Friday, February 13, 2015

Marshall Rosenbaum

A great peace builder passed away last week. Very few people even knew, and at least by birth, he was one of Detroit's own. Marshall Rosenberg went from teacher to interfaith theologian to pioneer conflict transformation with "Nonviolent Communication."
If you seek conflict resolution beyond transactional (tit for tat) and domineering (I'm right, you're wrong/I win) relationships, he was a living practitioner through all his actions.
How? By simply addressing what people fundamentally need, figuring out how to make it happen together, and acknowledging how we use language and our ways of teaching often rely on punishment and coercion.
Marshall diffused tribal disagreements and got people to see each other as humans, building understanding between Palestinians and the US, or in physically exercising active nonviolence by restraining an attacker without causing harm. I've only witnessed his work through video and story. I also still have a hard time getting over the fact that he uses puppets in his presentations. That said, I have a lot of respect for someone who vocally makes a conscientious effort to take time to help people understand basic needs, feelings, and openly admits to at one time being willing to say "do it my way, or I'll kick your ass."
  • (S.H.) When you do things right, people won't be sure you've done anything at all.

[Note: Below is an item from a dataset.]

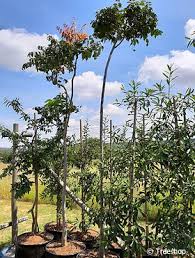 Image result for Khaya anthotheca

  • (P.S.) Because doing the right thing is a fragment in the pool of corruption that plagues the fields of ever society's institutions.
  • (I.T.) S.H., that's when you do things right in small steps without involving people in taking them. If part of doing it right necessitates the participation and inclusion of others, they can look back to the journey as much a part of their own as it is a part of something bigger than themselves.


  • I'm willing to believe the process of making started from putting together fragments or formerly scattered pieces. They could be fragments of your imagination, or cooking ingredients throughout a kitchen which came from different parts of a grocery store, which came from different parts of the world.

    Except the fragments you work with when doing the right thing don't break when genuinely curious, deeply educated, and empowered people genuinely engage them. Even if it's a meal or other fleeting creation, people can and will speak about their memory of nourishment for years to come. If people are empowered to make doing the right thing a clear, practical, and compelling alternative, it wins and people stop putting up with crap.

    That's a legacy in itself that won't get washed away in the cesspool. You just need to know where to find and how to make those little miracles happen.